French actress Eva Green captivated onlookers in Paris recently, when she attended the opening of her aunt’s photo exhibition in Paris where she wore jewellery from Montblanc.
The former Bond-girl was seen at the exhibition, called Green, wearing three rings from Montblanc’s 4810 Classic collection, each in either red, white or yellow gold and set with diamonds and a pair of earrings from the Star collection, made in silver and onyx.
The subject of the exhibition, which was held at the Galerie Catherine Houard, was the actress’s aunt, Marika Green, who has put together a series of 100 photographs tracing the history of four generations of the family. The exhibition runs until December 25 in Paris and then will travel the world with stops in Vienna and Zurich.
This is an invitation to take a trip back in time. A journey back through time and history to a century ago, and also to take the time to tell a story, the story of a family. One family, four generations, which have, each in a different way, something to do with one same objective, one enigma: the photographic lens. For this is, of course, also an invitation to take a voyage through the images, through these photos, taken between the years of 1894 and 2010.
I wanted you to discover and get to know Mia Green, my Swedish grandmother. In Sweden, she is now finally recognized as a photographer, but only because she documented a certain historical group of events, the events that took place during World War I in the town in which she lived, Haparanda. And yet, she was much more than just a witness to these events. She was, during the last years of the nineteenth century, a pioneer in the world of photography. At the age of twenty, she would get on her bicycle, wander through Haparanda and the surrounding villages at the northernmost point of Sweden, and take thousands of pictures, recorded on glass plates, putting together her own point of view of what she saw every day.
Lennart Green, my father, in turn also became a photographer. He worked in Sweden and Germany at first, but it was in post-war Paris, the Paris of Saint Germain des Près and the New Wave, that he constructed a significant body of work by photographing the greatest celebrities of the time in the worlds of literature, cinema and music.

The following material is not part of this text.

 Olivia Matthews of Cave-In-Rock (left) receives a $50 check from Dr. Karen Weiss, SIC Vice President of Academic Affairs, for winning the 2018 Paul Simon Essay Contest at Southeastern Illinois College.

Rediscovering all these images, I came to the conclusion that this photographic history had a definite sense, a coherence that was very relevant. To this day, photography remains very much present, even very powerfully so, in the Green family. Now, having worked myself for years as an actress and model for the greatest photographers, my niece, Eva Green shines radiantly for the camera lens of many renowned photographers and filmmakers.
Hence, this exhibit in the shape of a voyage through time and space, form and style, a voyage that questions the confines of what defines a body of work, of art, and what remains simply a historical document. It is a constantly moving and stimulating process, since “The question is not whether photography is art, but rather when it becomes art.“ (Jean-François Chevrier)
GREEN PHOTOGRAPHIC SIGHTS IMAGES 1894–2010
Actress and model Marika Green has put together a collection of approximately one hundred photos retracing the personal journey of four generations of the same family, all involving photography.
These perspectives and these subjects invite us to make a subjective excursion into the political, social and esthetic history of an entire century, and even a bit beyond: from the history of Sweden at the beginning of the twentieth century, through two world wars, everyday life and cultural life in Paris in the fifties and sixties, and finally the fashion world and that of the cinema, from the sixties all the way to the present day.
Four generations represented here by two photographers, Mia Green (1870–1949) and Lennart Green (1913–2007), and two women who are each both actress and model, Marika Green and Eva Green, photographed by some of the great photographers of the last fifty years, Helmut Newton, Jeanloup Sieff, William Klein, Guy Bourdin, Peter Knapp, Frank Horvat, Willy Rizzo, Ellen von Unwerth, Lothar Schmid and Paolo Roversi.